# WHAT NEEDS TO BE DONE:
Check which lines in the records hold "show" and report how many there are, with no other text.

# DATA RECORDS:
Start of Block

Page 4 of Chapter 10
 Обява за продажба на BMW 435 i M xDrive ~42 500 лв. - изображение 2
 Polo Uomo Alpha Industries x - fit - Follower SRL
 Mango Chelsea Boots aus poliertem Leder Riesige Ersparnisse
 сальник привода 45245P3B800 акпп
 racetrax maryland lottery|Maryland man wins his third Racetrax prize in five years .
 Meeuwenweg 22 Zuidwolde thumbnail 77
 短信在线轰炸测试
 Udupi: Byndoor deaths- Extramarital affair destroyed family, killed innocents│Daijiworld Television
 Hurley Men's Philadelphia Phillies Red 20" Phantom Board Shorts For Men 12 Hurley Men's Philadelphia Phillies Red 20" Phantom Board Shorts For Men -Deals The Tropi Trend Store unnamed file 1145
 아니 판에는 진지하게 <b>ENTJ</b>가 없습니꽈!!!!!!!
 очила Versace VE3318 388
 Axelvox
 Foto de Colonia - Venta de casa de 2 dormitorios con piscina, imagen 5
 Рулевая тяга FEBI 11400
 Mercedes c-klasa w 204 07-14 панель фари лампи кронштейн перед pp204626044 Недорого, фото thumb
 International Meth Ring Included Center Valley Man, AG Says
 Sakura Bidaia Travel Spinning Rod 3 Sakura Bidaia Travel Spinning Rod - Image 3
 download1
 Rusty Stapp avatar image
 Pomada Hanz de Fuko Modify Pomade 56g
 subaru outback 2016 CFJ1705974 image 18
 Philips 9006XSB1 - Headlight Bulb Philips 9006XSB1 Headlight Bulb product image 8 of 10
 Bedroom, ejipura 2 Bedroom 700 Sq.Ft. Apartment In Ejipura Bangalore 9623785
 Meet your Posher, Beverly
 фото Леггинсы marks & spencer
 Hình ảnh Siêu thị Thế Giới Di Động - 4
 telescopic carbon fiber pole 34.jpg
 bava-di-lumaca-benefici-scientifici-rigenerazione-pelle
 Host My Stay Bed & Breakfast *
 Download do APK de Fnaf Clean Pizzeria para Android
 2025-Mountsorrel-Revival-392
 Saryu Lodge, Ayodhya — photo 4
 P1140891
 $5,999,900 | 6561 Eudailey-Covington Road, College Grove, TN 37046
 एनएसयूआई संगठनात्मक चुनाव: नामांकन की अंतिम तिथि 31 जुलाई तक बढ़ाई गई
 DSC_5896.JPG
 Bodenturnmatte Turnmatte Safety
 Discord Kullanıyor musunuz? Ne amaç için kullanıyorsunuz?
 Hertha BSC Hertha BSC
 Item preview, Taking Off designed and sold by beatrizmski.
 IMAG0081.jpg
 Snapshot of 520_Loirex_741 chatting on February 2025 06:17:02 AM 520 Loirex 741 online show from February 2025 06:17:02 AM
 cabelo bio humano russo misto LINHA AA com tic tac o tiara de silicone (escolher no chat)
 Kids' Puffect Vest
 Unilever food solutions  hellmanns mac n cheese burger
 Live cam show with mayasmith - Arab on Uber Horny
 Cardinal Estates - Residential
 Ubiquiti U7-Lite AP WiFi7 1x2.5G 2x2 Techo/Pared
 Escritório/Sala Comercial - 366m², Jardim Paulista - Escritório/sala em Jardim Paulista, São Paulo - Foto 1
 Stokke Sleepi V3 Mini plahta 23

End of Block

# SOLUTION TO THE EXERCISE:
2